10. Mechanical difficulties in a vehicle that is almost fifteen (15) years old and has high mileage are certainly foreseeable, and the court finds that future maintenance for the Collateral should have been anticipated at the time of the Plan's confirmation, especially by the male Debtor who is employed in the automotive service industry and who had noticed the Check Engine Light appear occasionally prior to confirmation. While the projected cost to repair the Collateral might create a short-term strain on the Debtors' budget, this moderate change in their financial condition is not significant enough to support a reduction in payments due under the fifty-seven (57) month Plan.
11. As for the Debtors' attempt to surrender the Collateral and bifurcate Home Credit's claim, the court agrees with the United States Court of Appeals for the Sixth Circuit's determination that 11 U.S.C. § 1329 only permits post-confirmation modification of the amount and timing of payments, not the total amount of a particular claim; therefore, a debtor cannot modify a plan by surrendering collateral and having any deficiency classified as an unsecured claim. Chrysler Financial Corp. v. Nolan (In re Nolan), 232 F.2d 528, 532-33 (6th Cir. 2000) (holding that § 1329(a) allows for a reduction in the payment of claims but not for a reduction or modification of the claim itself). The United States Bankruptcy Court for the Middle District of North Carolina eloquently explained its adoption of Nolan as follows:
Section 1327 provides the general rule that the plan is binding upon confirmation, while § 1329(a) provides limited exceptions to this rule. Section 1329(a) specifically enumerates the three purposes for which a plan may be modified, but does not include among those [modifying a plan in order to reclassify a secured claim]. Given the binding nature of confirmation, a secured creditor cannot move to modify the plan if the value of the collateral appreciates. This Court is not persuaded that Congress intended to allow a debtor to use § 1329 to essentially revalue collateral that has depreciated while the debtor had the benefit of possession
of that collateral, leaving the creditor with an unsecured claim. Furthermore, a debtor in this situation has other options, if necessary. A debtor can convert to Chapter 7, or dismiss the case and refile after the collateral has been repossessed by the creditor. The Court is unwilling to stretch the plain meaning of § 1329(a) under these circumstances.In re Miller, 2002 WL 31115656 (Bankr. M.D.N.C. Apr. 19, 2002).

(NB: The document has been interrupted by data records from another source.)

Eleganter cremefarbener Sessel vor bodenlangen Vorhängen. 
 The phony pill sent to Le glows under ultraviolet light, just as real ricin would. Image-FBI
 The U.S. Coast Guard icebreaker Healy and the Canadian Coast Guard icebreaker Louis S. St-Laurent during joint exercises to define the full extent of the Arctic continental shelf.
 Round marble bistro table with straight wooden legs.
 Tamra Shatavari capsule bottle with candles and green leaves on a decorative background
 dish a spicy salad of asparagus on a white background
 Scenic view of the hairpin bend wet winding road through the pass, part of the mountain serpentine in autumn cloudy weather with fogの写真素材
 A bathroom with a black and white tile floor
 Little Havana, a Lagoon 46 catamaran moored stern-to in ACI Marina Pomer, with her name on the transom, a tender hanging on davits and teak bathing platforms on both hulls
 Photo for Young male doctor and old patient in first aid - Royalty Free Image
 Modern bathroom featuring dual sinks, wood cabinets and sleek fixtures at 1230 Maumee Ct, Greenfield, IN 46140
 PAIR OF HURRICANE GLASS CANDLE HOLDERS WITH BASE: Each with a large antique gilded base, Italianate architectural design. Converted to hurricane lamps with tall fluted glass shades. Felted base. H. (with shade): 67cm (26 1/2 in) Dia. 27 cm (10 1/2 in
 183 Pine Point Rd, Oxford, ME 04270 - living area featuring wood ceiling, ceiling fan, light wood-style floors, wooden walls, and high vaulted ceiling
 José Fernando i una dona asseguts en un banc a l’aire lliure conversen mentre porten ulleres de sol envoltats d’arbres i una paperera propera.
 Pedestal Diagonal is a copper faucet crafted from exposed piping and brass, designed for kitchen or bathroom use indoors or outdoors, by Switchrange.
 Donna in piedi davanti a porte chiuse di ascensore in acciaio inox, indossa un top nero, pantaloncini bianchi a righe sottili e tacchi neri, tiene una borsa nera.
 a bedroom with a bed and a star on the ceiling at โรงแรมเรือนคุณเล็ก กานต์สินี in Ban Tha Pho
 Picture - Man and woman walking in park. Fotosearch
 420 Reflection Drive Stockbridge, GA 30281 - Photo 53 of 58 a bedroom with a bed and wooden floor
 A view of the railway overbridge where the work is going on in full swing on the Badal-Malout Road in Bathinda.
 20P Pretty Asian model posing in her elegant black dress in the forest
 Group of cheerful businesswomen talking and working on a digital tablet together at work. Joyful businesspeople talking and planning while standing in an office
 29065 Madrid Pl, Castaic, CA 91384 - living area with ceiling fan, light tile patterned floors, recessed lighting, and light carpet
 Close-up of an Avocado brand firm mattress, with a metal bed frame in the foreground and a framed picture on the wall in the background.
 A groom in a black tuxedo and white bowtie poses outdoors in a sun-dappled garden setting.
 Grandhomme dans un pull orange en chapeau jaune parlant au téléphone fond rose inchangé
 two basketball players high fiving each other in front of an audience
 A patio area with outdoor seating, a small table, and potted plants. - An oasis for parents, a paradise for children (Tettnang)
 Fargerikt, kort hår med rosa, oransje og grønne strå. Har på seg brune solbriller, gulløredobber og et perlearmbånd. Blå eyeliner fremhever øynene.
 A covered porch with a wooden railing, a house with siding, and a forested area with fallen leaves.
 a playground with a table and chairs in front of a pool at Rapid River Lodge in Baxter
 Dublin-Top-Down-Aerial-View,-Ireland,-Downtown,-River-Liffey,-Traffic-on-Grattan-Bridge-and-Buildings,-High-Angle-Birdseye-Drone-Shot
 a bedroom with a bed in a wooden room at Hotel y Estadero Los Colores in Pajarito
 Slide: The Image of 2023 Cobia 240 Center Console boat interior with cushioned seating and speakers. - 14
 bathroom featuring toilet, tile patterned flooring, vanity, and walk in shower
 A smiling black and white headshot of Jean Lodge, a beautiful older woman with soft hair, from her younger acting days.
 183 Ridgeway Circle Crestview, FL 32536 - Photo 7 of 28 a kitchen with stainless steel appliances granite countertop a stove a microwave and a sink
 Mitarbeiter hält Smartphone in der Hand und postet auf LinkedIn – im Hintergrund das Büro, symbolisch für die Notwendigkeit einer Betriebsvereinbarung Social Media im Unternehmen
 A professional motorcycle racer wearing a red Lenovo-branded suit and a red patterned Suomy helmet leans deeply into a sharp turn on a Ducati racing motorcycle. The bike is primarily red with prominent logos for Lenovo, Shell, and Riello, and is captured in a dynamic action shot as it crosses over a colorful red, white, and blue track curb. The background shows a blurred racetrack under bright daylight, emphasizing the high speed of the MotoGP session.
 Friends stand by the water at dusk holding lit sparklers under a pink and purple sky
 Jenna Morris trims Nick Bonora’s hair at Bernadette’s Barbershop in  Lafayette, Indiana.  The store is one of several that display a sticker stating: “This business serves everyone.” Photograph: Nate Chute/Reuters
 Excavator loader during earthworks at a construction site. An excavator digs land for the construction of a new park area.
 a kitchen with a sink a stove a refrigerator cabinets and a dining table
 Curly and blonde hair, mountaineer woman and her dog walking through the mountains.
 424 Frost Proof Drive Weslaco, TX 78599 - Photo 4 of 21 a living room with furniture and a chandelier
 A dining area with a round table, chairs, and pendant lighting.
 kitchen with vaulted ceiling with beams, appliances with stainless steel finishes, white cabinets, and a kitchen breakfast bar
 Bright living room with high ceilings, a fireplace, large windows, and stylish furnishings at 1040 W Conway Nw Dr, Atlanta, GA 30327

Miller and several other cases address 11 U.S.C. § 502(j) as a possible workaround of the requirements of 11 U.S.C. § 1329(a). This section provides that "[a] claim that has been allowed or disallowed may be reconsidered for cause. A reconsidered claim may be allowed or disallowed according to the equities of the case." "According to these courts, when collateral is surrendered post confirmation [sic], the debtor may use § 502(j) to reduce the creditor's previously allowed secured claim to reflect the value of the surrendered collateral and to reclassify the remainder of creditor's claim as an unsecured deficiency under § 506(a)." In re Boykin, 428 B.R. 662, 667 (Bankr. D.S.C. 2009). See also Miller, 2002 WL 31115656 at *4-5; In re Sellers, 409 B.R. 820, 824 (Bankr. W.D. La. 2009); In re Zeider, 263 B.R. 114, 116-17 (Bankr. D. Ariz. 2001). However, reconsideration of Home Credit's claim pursuant to 11 U.S.C. § 502(j) is not properly before the court at this time. --------
12. The Debtors contend that several courts have rejected the Nolan court's strict interpretation of 11 U.S.C. 1329(a) and will allow a debtor to modify a Chapter 13 plan by surrendering depreciated collateral when such a modification meets the good faith requirement of 11 U.S.C. § 1325(a)(3), which is required for modification pursuant to 11 U.S.C. § 1329(b). The court recognizes this position but notes that most of these cases still require that a proposed modification be supported by a substantial and unanticipated change in financial condition, a finding the court has already rejected in this case.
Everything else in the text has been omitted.